This post is e-mailed in as the network I am using is not blogger friendly; please forgive resultant formatting issues…
Master Daikan Enō asked Master Nangaku Ejō, "Do you rely on practice and experience or not?" Master Nangaku said, "It is not that there is no practice and experience, but the state can never be tainted." Master Daikan Enō said, "Just this untaintedness" is that which the buddhas guard and desire. You are also like this. I am also like this. And the ancestral masters of India were also like this."
Master Dogen referenced this line from the first part of book two of the Shinji Shobogenzo in his discourse on Dignified Behavior, Chapter 23 of the Shobogenzo.
I have been considering dignified behavior recently and decided to give that chapter another read. What I type below is just what surfaced after reading it, to be clear, I haven't realy thought about addressing what Master Dogen wrote at all.
For the last 19 years or so I have had drilled into my brain housing unit some core values. They are Honor, Courage, and Commitment. So in my skull those ideas are what give form to dignified behavior.
But moment to moment if I were to spend time counting each grain of sand as it fell I would find that there has been failure after failure of living up to those ideas.
Conversely, there would also be success after success.

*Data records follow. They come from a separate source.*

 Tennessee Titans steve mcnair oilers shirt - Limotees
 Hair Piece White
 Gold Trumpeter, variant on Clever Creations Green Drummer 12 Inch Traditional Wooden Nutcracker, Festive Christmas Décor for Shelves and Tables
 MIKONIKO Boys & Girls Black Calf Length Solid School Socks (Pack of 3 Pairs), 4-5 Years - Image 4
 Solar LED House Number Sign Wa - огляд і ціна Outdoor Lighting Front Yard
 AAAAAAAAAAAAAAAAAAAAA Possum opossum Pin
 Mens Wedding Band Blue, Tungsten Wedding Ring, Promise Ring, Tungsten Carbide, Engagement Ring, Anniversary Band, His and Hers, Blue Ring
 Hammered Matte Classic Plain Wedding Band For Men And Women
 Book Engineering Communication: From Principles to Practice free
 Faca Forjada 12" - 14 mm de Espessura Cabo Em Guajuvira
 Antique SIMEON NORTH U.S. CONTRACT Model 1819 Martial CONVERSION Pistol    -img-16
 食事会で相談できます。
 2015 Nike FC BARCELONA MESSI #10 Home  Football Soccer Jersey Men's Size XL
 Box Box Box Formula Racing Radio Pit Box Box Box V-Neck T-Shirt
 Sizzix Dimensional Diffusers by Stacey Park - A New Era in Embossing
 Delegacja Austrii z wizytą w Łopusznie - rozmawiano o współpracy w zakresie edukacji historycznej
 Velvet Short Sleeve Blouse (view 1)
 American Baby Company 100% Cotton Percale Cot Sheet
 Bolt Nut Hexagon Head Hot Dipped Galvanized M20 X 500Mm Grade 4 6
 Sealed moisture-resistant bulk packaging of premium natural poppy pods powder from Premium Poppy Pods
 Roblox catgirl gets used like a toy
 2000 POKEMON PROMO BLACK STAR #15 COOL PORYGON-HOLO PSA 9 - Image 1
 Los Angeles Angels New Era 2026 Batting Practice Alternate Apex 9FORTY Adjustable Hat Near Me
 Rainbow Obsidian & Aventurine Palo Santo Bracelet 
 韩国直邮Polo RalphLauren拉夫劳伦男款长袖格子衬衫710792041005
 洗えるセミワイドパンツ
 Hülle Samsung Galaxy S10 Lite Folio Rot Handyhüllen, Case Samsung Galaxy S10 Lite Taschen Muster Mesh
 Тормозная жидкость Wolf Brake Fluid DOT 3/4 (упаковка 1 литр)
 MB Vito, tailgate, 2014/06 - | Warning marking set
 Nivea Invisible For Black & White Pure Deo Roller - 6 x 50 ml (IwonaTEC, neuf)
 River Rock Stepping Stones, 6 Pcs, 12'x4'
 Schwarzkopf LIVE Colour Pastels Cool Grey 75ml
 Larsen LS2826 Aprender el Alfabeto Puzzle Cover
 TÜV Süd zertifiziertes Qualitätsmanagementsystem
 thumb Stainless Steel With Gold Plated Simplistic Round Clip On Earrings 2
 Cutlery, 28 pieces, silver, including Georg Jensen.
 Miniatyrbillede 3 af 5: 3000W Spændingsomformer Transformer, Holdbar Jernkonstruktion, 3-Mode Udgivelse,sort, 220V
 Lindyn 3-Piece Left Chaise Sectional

In the succession of these moments, who can count all of the failures and successes?
I think it is impossible.
What purpose does it serve?
I think none outside of mental masturbation.
And is that counting of grains of sand serving the Buddha Dharma?
I think not.
This week I have been striving to shorten my reach a bit.
From time to time I have noticed a tendency in myself to hold others to my own idealized standards.
But if and when I look deeply enough I can certainly find cracks in my own armor of mindfulness. Even in recent events, where I failed to stop at a stop sign that I had stopped at countless times previously.
A military policeman was kind enough to point out my error, I thanked him and I made a note to myself to take greater care in my actions.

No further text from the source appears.